The Harvard College Human Rights Review, founded last year by Daniel Barcia ’15, will release its first publication next semester with the hope of bringing attention to human rights abuses organizers describe as undercovered.

“The idea is to focus on issues that aren’t being picked up by The New York Times or CNN, or even major human rights groups like Amnesty or Human Rights Watch,” co-editor-in-chief Kate S. Hoffman ’17 said.

Although the first publication is not expected to be released until April or May, some articles written last year by interested members were published last week on the organization’s website. The articles address topics such as violence in Colombia, HIV in China, and child labor in India.

Co-editor-in-chief Kamran M. Jamil ’18 wrote an article on human rights concerns in Patagonia.

“I’m very interested in the environment and multinational corporations and their impact on health and human rights,” Jamil said. “Not a lot of people know about what's going on in Patagonia.”
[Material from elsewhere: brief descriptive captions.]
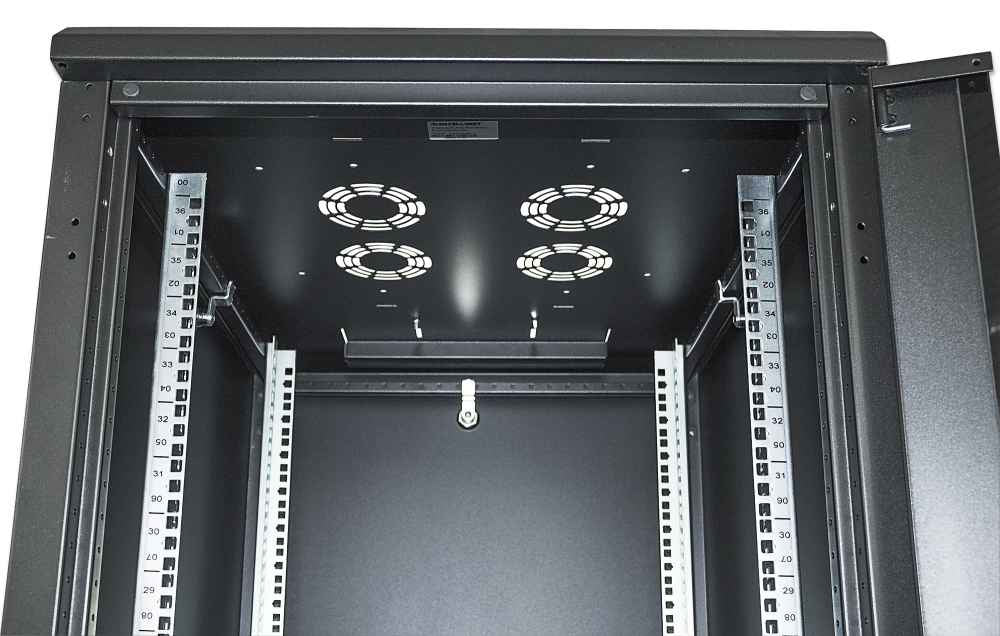 GABINETE INTELLINET 19" RACK CERRADO 22U PUERTA CRISTAL FLATPACK COLOR NEGRO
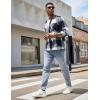 imageCOOFANDY Mens Flannel Shirts Casual Button Down Plaid Shirt Jacket Long Sleeve Fleece Shacket with PocketsNavy Blue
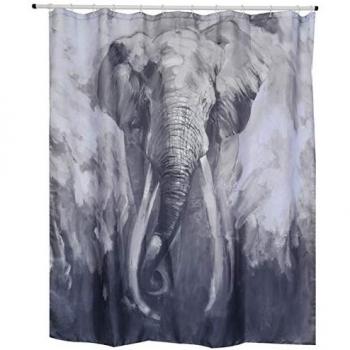 Rideau de douche Spirella Éléphant Polyester 180x200cm Bleu Gris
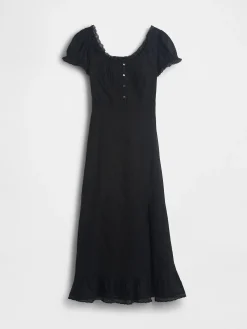Embroidered Puff-Sleeve Maxi Dress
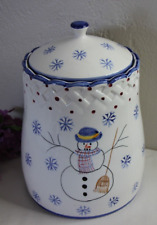 Usado, Boneco de neve vintage Casafina Portugal inverno neve pintado à mão vasilha frasco de biscoito comprar usado  Enviando para Brazil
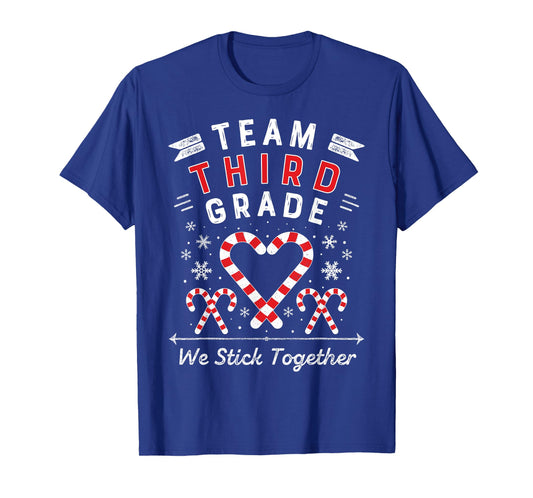 Team Third Grade Christmas Candy Cane Heart Xmas 3rd Teacher T-Shirt for Men Women Kids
To find stories, writers collaborate with graduate students at the Kennedy School of Government who are doing their own research on topics that they feel have not been covered sufficiently in academic writing.

“We want to do something that has an impact,” Hoffman said. “Our mission is to create a dialogue on campus, and I think that has a lot of weight to it if we do it correctly.”

The publication is currently reaching out to potential writers.

“It’s been getting a lot of positive attention,” Jamil said. “Students are really excited. There’s a lot of energy and enthusiasm being generated, especially amongst freshmen who want to get involved with human rights. This isn’t a club most of them had in high school.”

After the application period ends on Nov. 1, Hoffman and Jamil plan to assemble a team of up to 15 writers to publish academic pieces on global human rights issues.

“We’re trying to be really thoughtful about how to create the biggest impact with the resources that we have.” Hoffman said, “For now, we’re trying to set up a good foundation.”